What will be the impact of these developments on real-life applications?
There will be a big impact on artificial intelligence (AI). We have talked about AI for so long. Science fiction people have been envisioning this since before there were computers. But now that we have finally reached a point where we can teach a computer to distinguish between a dog and a cat, then the Googles of the world are training their systems to have more and more human-like intelligence.
That’s just going to pervade everything that we do. It is also going to create a big demand for a lot more clock cycles to do the training. The new number format is going to fit right into that. Because it is perfectly crafted for what you need to do to teach a neural net.
What do you see happening in the HPC scene in Singapore?
Singapore has so much potential. The latest petaflop computer is saturated. They put it in. It immediately filled up. It’s got like 80% utilisation. Some parts of it have 100% utilisation. Which says you need to build another one. And you have to build it as soon as possible and make it five times faster. The demand for these cycles and what people are getting out of it, the biological studies, the applications for medicine, are just huge. The impact could be very big on Singapore’s business and on citizens’ well-being in general.
Here I see an amazing capacity to set their mind to something, and then succeeding at it. Singapore. is going to want to be up with the big boys, China, US, and Japan and say we can build advanced computers too. If they keep up that mentality and they continue to have the great support of the government that they have had so far, they may surprise people.
Everybody’s limited by how many watts they can get into the data centre. You get 20x just from doing better architecture. Then you get between 2 and 10x just from using my number system. Put those two together and you are so far beyond anything’s anyone ever seen in a computer even for let’s say 10 million dollars we could beat the fastest supercomputer in the world. It’s not out of the question.
Where is the innovation going to come from? Would it come from start-ups or large technology companies or government or academia?
All of them I think. Usually the least innovative are the established companies. They have everything to lose and very little to gain. Usually they have a lab where there is research going on. If they get too uppity and start thinking, “I have a great idea here; let’s change the direction of the company,” then the antibodies squash that down. “You are getting in the way of our main business. And you are wasting resources!”
So they tend not to productise some of their great ideas, even when they are given a sandbox to play in. It’s more likely that a big company has to be overcome by a smaller company that disrupts them, one that takes the chance. So, they come up with something that is incompatible with all the software that’s out there. A few people adopt it and suddenly they see market share going to this small company.

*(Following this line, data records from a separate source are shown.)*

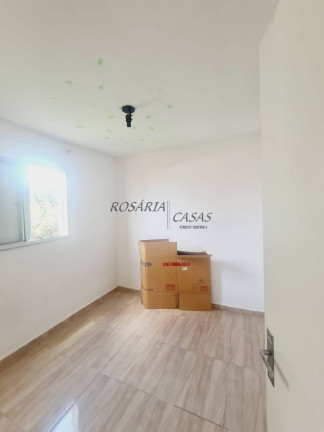 Imagem Apartamento com 2 Quartos para Alugar, em Jardim Germania - São Paulo Imagem Apartamento com 2 Quartos para Alugar, em Jardim Germania - São Paulo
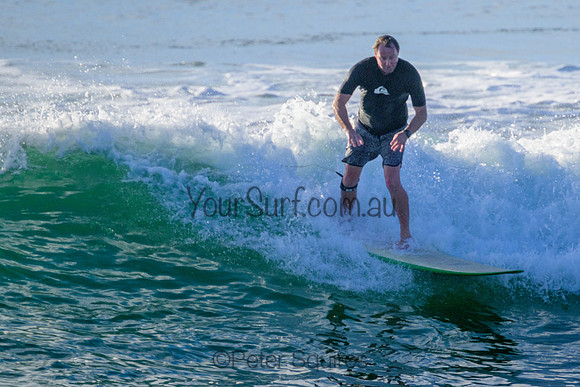 Palm_Beach_220417_073409_0029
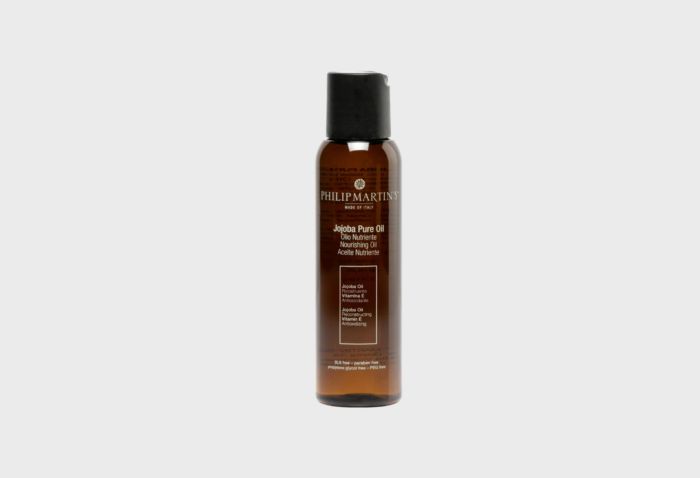 PHILIP MARTIN'S PRE-WASH JOJABA PURE OIL 100ML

It’s like that with countries, too. A small country like Singapore can do highly innovative things that the largest countries might balk at. This new “drop-in” replacement for floating-point numbers was made possible because of the encouragement of A*STAR to pursue such a radical change.
When I was in the USA, the reaction I got to my attempts to improve computer arithmetic was, “Well, you can’t boil the ocean.” The attitude in Singapore is much more visionary, and for that I am grateful!